*** Data extract Section Begins ***

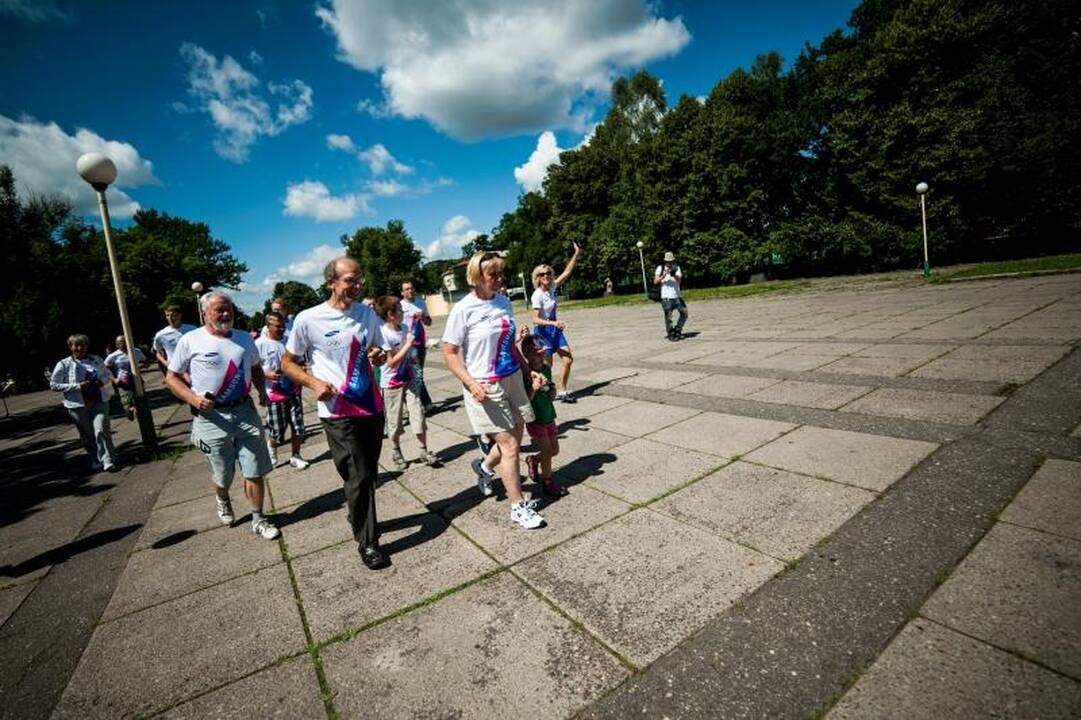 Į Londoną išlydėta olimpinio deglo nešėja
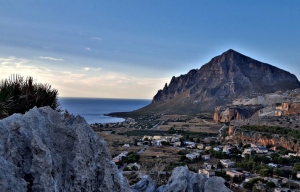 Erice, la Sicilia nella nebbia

*** Data extract Section Ends ***
*** Data extract Section Begins ***

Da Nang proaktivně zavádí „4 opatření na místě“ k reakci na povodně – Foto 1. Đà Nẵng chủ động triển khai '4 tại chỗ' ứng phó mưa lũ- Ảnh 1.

*** Data extract Section Ends ***

Instructions for the task → Beginning with the line above that contains "Į Londoną išlydėta olimpinio deglo nešėja" and ending with the line that contains "Erice, la Sicilia nella nebbia", quote each line exactly, keeping out the pictures.

Response to this task →
 Į Londoną išlydėta olimpinio deglo nešėja
 Erice, la Sicilia nella nebbia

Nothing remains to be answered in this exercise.